Even if you’re raking in the huge profits, you still don’t want to lose any money, and if you have a problem with a product or task strategy, then you want it solved as quickly as possible. If something is costing you money, then you want to deal with it even sooner than if you were just in the development stages of something new. Speed can certainly be your enemy in either situation though, as a rushed decision based on a poor analysis can leave your business reeling. So let’s go through the steps required to make a good and informed decision.
Put the Data In Order
The first step is to put the data in the order that you received it in. Rudimentary data such as survey data, or data collected through simple investigative work that does not actually include the practice or product should go first. This data was collected to determine where it the product or app should be put in place, and for whom.
Next is the beta test, or field test data. The secondary data, in this case, will help determine if the product or practice is worth further development or investigation, and where it should be marketed or implemented, as well as other important details about it. If you have review data at hand from a final product or practice already in place, that data would be considered after everything else has been evaluated.
Begin Your Analysis
Once you have got it all the data in the proper sequence then you can begin the analysis process. There are key factors you are going to want to determine from this data:
- Will this work in not just the short term, but the long-term?
- Is it worth the cost in needed to proceed?

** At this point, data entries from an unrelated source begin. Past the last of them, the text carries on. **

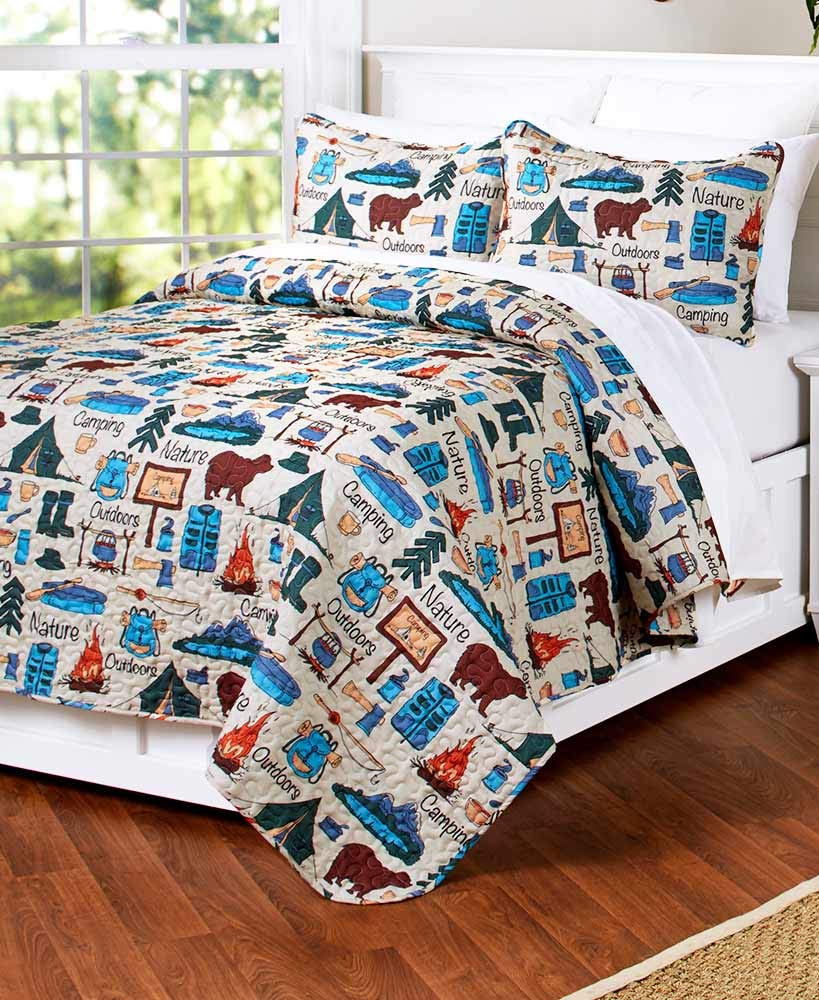 The Lakeside Collection campsite quilt pattern close-up highlighting tents and campfire colors for cozy cabin decor.
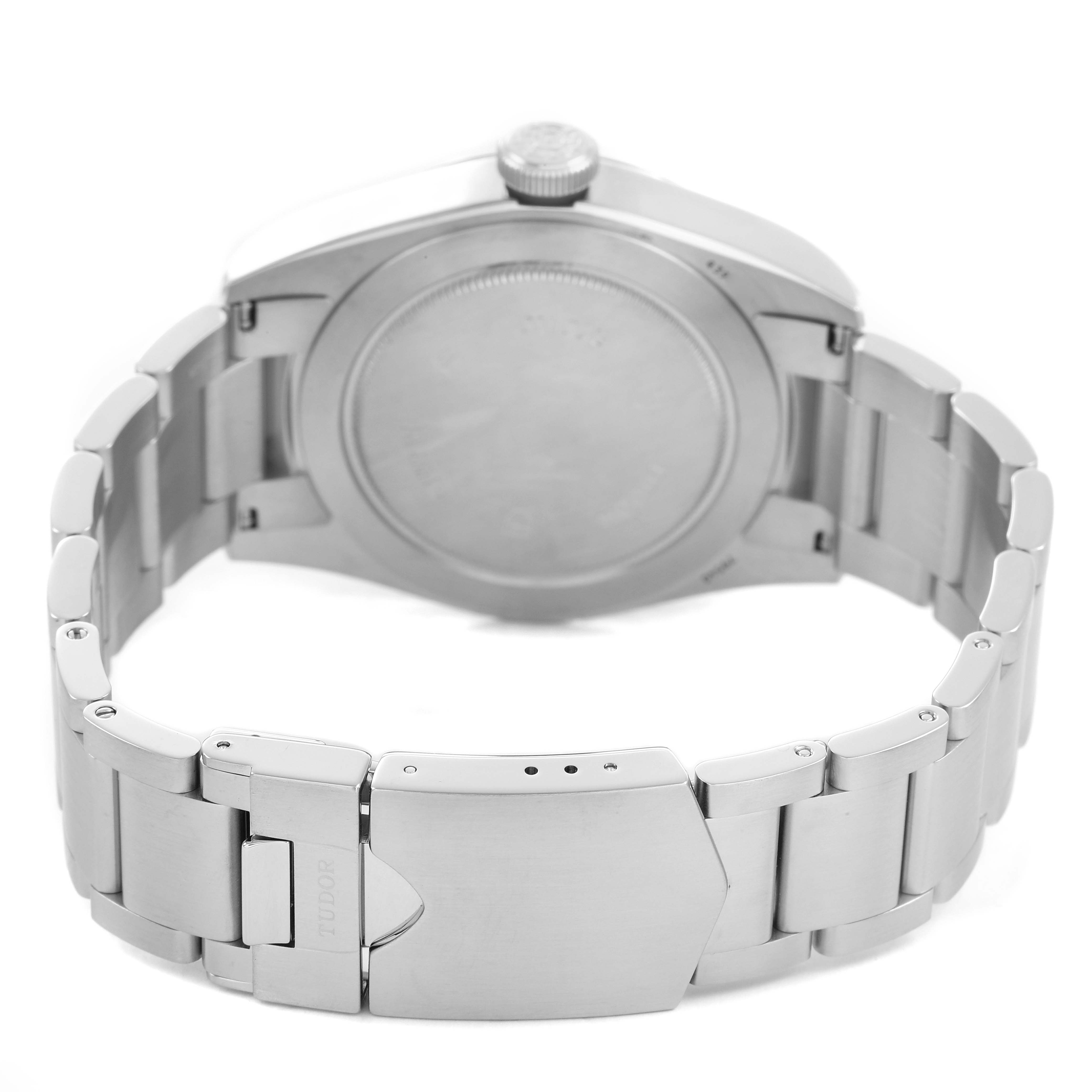 The Tudor Heritage Black Bay M79540 Men's Stainless Steel Silver Dial watch is shown from the back, highlighting the case back and metal bracelet with clasp.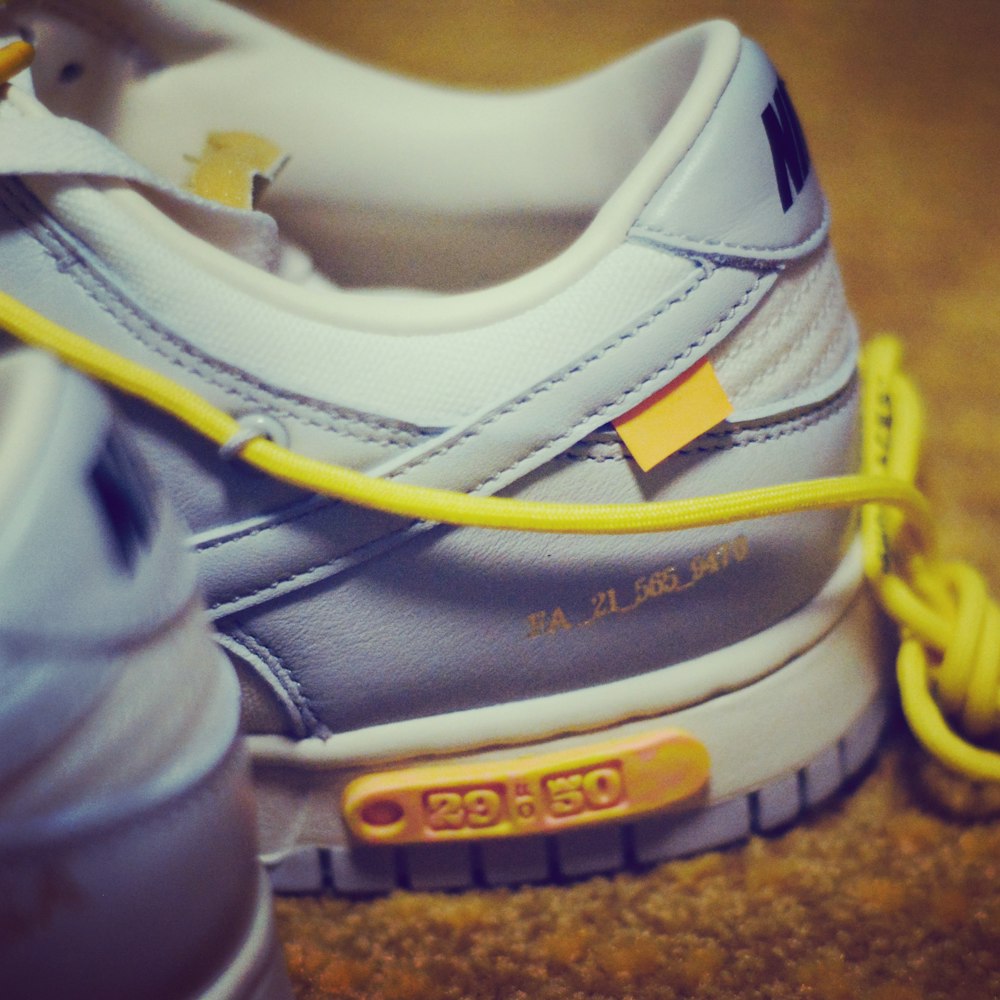 a pair of sneakers with a yellow shoelace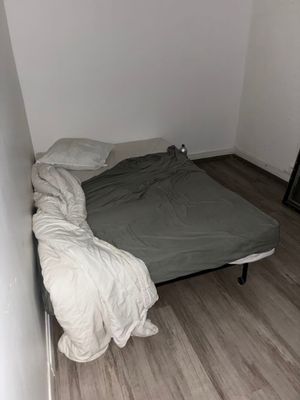 un lit situé dans une petite chambre avec du parquet
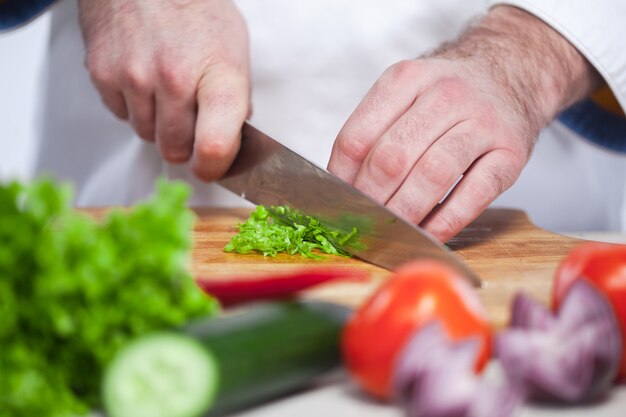 Cuoco unico che taglia una lattuga verde la sua cucina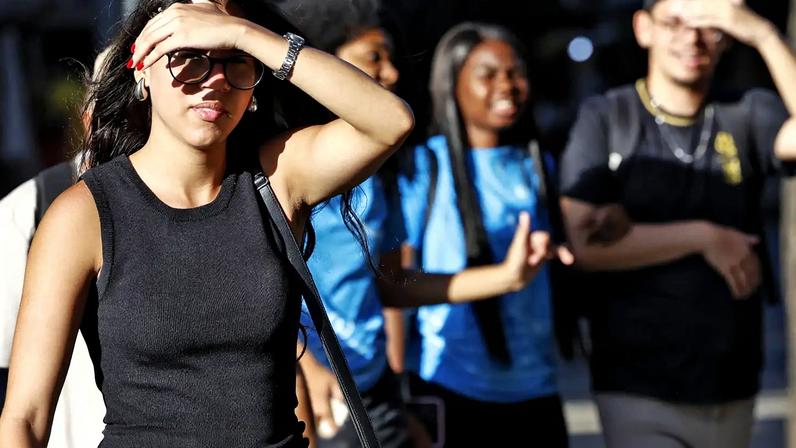 Pessoas se protegem do sol na região central da cidade durante onda de calor - Foto: Fernando Frazão/Agência Brasil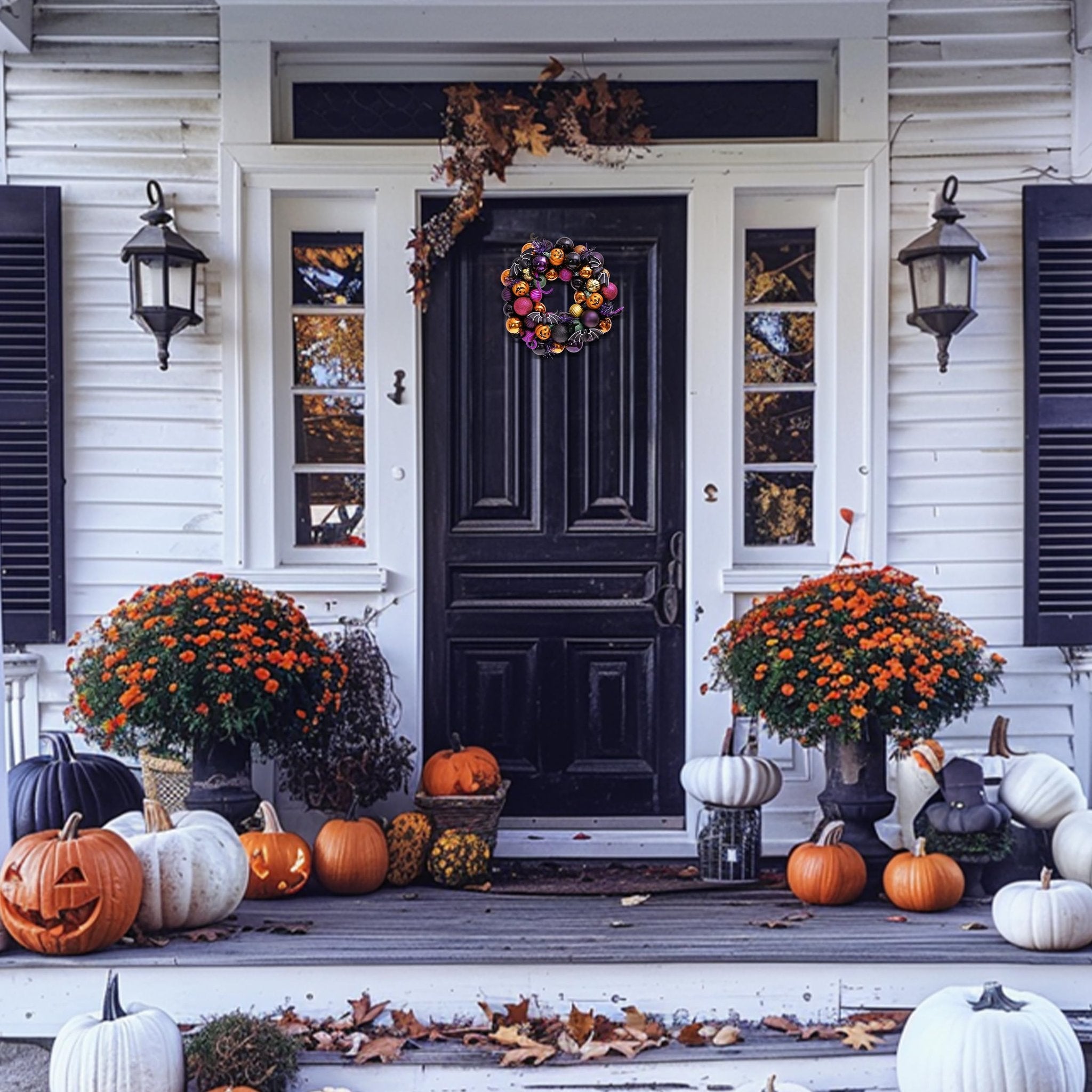 Halloween wreath with orange, purple, and black ornaments hanging on a dark front door, flanked by pumpkins and potted plants.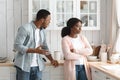 Young Black Couple Quarreling At Home, Indifferent Woman Ignoring Her Screaming Husband Royalty Free Stock Photo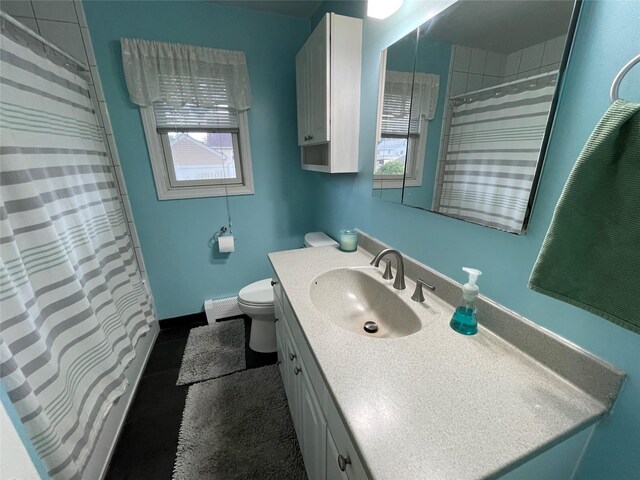 39 Herbert Ave, Lindenhurst, NY 11757 - full bath with vanity, curtained shower, and a baseboard heating unit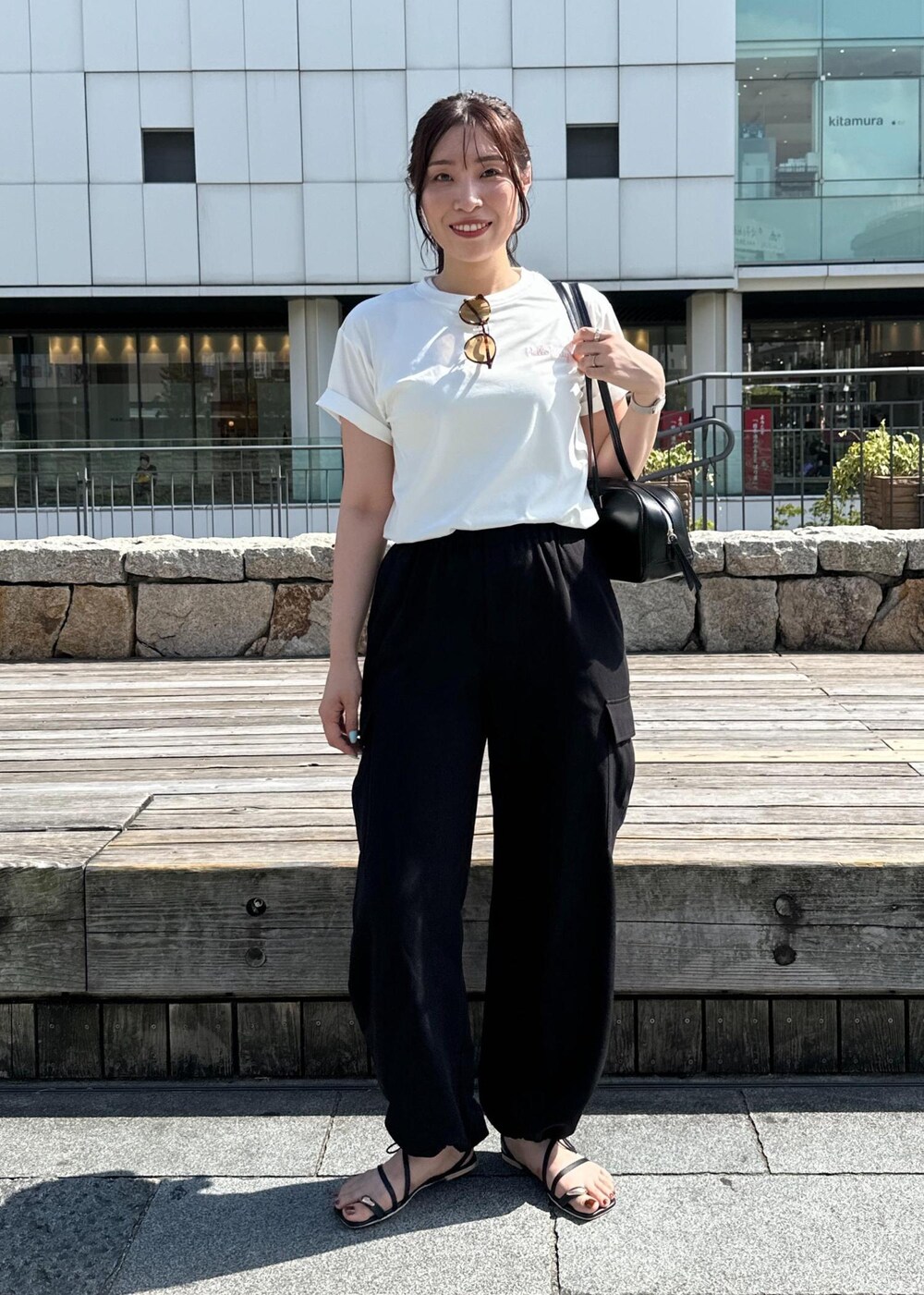 ブラック系のカーゴパンツ、ブラック系のサンダル、ホワイト系のTシャツ/カットソーを着用したレディースの夏コーディネートの4枚目の写真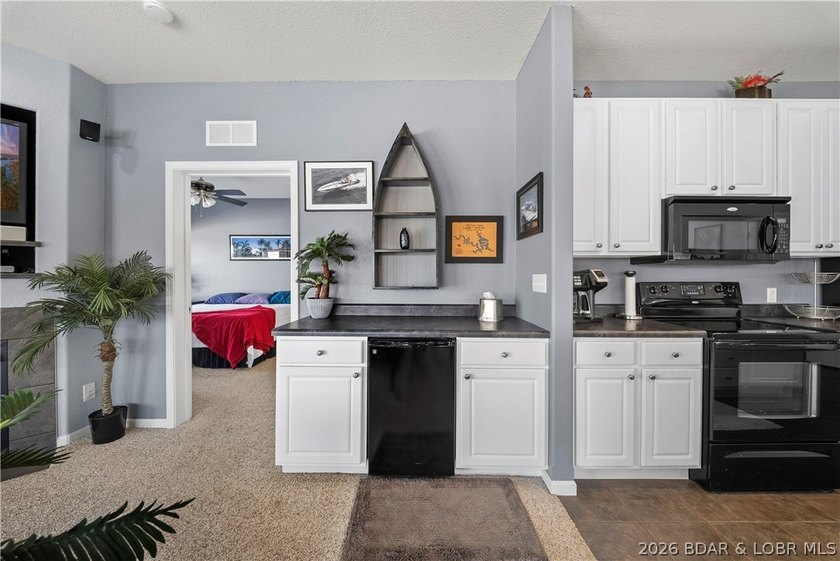 Welcome to effortless lakefront living at this beautifully - photo 13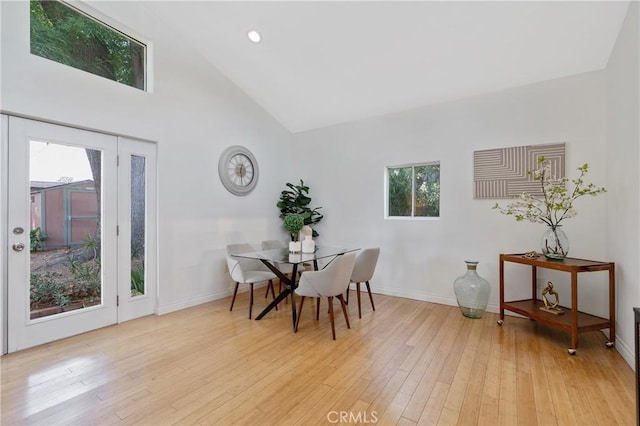8521 Ranchito Ave, Panorama City, CA 91402 - dining area featuring light wood finished floors, baseboards, and high vaulted ceiling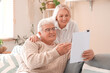 © Pixel-Shot - Senior woman hugging her husband with refund form at home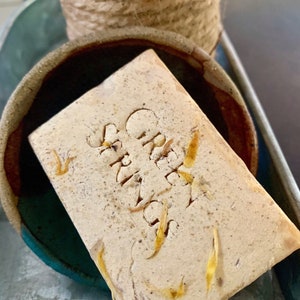 May include: A rectangular bar of soap with the word "Greek" carved into it, resting in a ceramic bowl. The soap is light brown with yellow accents. A woven rope container is in the background.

- Who is product or practice directed at? (Different domestic departments or customers)
- Where does this need to be implemented?
- How far should the new process be extended?
- What are the effects of implementation? (If you have done a beta test or have review data)
- Will this or did the product or process meet the goals set?
These are all very important questions that you need to be able to answer from this step in the process. The best way to move forward is with a solid answer to every single one of them. It is about making an informed decision at the end of the process. If an answer is not certain then it is best to go back and retrieve the data again, but more thoroughly. Sadly then you have to restart the entire process, but generally, that is worth doing. Never be desperate or in any kind of rush to make a business decision, because again, it may cost you. It might even cost you more in the long term than it would have had you simply not made a decision at all.
A Proper Analysis
Proper data review is not done by one or two people. It is done by a group of people with different opinions and points of view. One of them might see an undesired consequence that the others did not. A member of the group might even discover a better way to implement the new product or practice that everyone else just missed. The more eyes, ears, and hands that you have on a project, the better and less biased the assessment will be.
Before Decision Time
Give yourself a little bit of time, at least, to think over all the data, opinions, and points of view. You may come to some new conclusions yourself. There will come a time to pull the proverbial trigger on the decision, but it does not have to be right away. Chances are that you have all sorts of options, and resources at your disposal, some that you might not even be considering. A breakthrough can happen any time of day, all it takes is an open mind, and a little bit of thought.
Rendering a Decision
Once you have gone through all of the previous steps, reviewed all the data, and looked at what is best for business, then you can make your decision. Failure is never an option. Keep in mind that a horizontal business move is also a loss in today’s world. If you cannot determine that a decision one way or the other is going to bring in a healthy profit, then give it a pass. A fight that you didn’t partake in did not hurt your business or cost it a dime.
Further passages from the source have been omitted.